Van's Trailing Edge Kit - Part 1 - 1st Attempt
Started working on the Van's Trailing Edge Kit and built the first part which involves drilling, deburring and riveting together 2 pieces of aluminum sheet and some aluminum angle.
This was my first time working with dimples in countersunk holes, and riveting 1/8" rivets.
Starting pieces |
I also tried removing the blue plastic film for the first time using a soldering iron as some other builders are doing. I found that setting the soldering iron to 80% of its maximum setting scored a clean line on the plastic, enabling easy removal with no impact on the underlying aluminum.

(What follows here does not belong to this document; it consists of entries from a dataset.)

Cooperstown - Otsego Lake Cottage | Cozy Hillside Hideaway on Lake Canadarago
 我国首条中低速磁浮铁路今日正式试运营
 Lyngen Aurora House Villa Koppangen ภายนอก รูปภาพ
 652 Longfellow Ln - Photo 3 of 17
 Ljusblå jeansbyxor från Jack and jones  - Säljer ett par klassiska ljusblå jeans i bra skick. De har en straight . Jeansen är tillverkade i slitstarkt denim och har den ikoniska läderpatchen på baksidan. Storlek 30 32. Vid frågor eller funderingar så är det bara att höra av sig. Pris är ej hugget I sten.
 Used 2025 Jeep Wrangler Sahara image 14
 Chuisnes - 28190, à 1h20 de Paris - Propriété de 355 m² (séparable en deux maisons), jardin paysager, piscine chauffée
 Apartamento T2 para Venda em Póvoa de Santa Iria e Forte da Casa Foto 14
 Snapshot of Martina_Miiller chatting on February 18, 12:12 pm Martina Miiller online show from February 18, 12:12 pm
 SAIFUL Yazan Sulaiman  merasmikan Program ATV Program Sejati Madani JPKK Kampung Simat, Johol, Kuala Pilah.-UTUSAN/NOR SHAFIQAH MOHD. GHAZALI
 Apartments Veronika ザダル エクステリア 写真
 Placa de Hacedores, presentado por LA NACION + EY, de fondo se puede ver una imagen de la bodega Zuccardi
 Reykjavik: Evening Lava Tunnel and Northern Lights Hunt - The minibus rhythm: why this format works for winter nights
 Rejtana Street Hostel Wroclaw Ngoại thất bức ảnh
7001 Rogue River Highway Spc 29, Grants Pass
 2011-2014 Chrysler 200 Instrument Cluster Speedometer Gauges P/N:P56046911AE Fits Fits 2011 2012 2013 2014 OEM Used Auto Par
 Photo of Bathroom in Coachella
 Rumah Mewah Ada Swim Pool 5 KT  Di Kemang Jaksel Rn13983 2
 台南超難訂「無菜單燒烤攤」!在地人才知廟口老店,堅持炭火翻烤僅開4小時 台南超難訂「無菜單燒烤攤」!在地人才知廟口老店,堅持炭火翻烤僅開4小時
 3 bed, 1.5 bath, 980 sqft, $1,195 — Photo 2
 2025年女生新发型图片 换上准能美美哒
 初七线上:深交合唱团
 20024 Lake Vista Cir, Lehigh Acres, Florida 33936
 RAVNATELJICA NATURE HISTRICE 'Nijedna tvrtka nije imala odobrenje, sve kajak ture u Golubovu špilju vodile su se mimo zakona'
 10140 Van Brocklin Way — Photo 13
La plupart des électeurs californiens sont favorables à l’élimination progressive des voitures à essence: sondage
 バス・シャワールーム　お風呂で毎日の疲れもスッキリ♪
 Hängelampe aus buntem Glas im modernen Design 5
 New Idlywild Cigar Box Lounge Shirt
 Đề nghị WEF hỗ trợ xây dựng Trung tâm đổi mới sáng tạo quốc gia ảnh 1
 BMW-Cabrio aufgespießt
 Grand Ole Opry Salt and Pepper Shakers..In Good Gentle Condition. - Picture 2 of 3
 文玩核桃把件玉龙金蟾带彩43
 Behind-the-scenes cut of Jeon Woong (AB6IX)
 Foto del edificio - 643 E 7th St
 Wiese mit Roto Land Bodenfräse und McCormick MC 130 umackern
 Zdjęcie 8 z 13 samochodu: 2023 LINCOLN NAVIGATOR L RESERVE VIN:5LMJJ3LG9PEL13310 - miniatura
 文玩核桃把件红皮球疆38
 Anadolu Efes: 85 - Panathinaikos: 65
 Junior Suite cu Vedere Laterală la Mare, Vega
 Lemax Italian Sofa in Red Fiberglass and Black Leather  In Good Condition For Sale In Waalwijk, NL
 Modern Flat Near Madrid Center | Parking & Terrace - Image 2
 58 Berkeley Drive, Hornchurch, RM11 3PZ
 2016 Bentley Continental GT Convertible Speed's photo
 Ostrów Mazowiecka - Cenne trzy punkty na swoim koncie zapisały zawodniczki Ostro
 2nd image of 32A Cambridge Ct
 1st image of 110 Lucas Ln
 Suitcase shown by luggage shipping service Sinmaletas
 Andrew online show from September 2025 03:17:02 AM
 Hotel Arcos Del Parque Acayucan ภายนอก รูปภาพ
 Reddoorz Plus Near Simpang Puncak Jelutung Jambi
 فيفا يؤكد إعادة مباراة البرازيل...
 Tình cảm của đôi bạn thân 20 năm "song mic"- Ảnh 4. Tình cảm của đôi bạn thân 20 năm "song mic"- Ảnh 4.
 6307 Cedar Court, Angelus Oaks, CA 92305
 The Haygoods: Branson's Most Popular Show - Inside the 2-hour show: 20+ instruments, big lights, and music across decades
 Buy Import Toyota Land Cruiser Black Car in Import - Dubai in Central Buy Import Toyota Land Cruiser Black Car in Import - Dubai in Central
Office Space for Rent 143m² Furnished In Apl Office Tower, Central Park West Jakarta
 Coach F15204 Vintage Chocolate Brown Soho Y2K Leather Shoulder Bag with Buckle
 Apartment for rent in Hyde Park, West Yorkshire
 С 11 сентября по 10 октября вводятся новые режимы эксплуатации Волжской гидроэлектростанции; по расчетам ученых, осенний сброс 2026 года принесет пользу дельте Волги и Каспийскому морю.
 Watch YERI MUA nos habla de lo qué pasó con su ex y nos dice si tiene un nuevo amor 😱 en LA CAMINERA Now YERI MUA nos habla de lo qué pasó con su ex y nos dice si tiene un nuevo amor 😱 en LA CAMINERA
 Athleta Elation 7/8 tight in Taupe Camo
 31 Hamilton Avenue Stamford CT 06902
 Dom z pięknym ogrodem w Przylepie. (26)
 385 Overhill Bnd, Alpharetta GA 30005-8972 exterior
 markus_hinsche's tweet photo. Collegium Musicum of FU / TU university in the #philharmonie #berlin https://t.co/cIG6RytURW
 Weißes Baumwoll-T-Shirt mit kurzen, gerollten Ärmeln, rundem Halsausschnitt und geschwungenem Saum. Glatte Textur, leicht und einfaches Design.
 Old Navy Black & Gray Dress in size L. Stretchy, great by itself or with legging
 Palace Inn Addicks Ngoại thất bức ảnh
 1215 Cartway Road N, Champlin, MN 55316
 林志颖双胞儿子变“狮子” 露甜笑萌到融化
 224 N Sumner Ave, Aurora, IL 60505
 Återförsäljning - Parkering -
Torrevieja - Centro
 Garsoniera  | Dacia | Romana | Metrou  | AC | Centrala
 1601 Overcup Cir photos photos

I'm not sure if I'll end up doing this when it comes to building the RV-10 as it is additional work that may not be necessary in the long run, but at least I know I have the option.
Pulled plastic from the edges of the skin along the rivet lines |
The next step was to mark the rivet hole locations on the top skin.
24 rivet hole locations marked |
The remaining holes in the aluminum angle and bottom skin were match drilled using the top skin as a guide. Once all holes were drilled the 3 pieces were clecoed together.
All holes drilled... |
...and pieces clecoed |
The next step was to debur all holes and edges, and dimple the holes that would hold flush rivets.
To adjust the DRDT-2 after inserting a new dimple die set, adjust threads until dies meet and keep turning until full downward extension of the handle causes DRDT-2 top frame to flex up about 1/8". Make sure to secure threaded bolt in position with jam nut.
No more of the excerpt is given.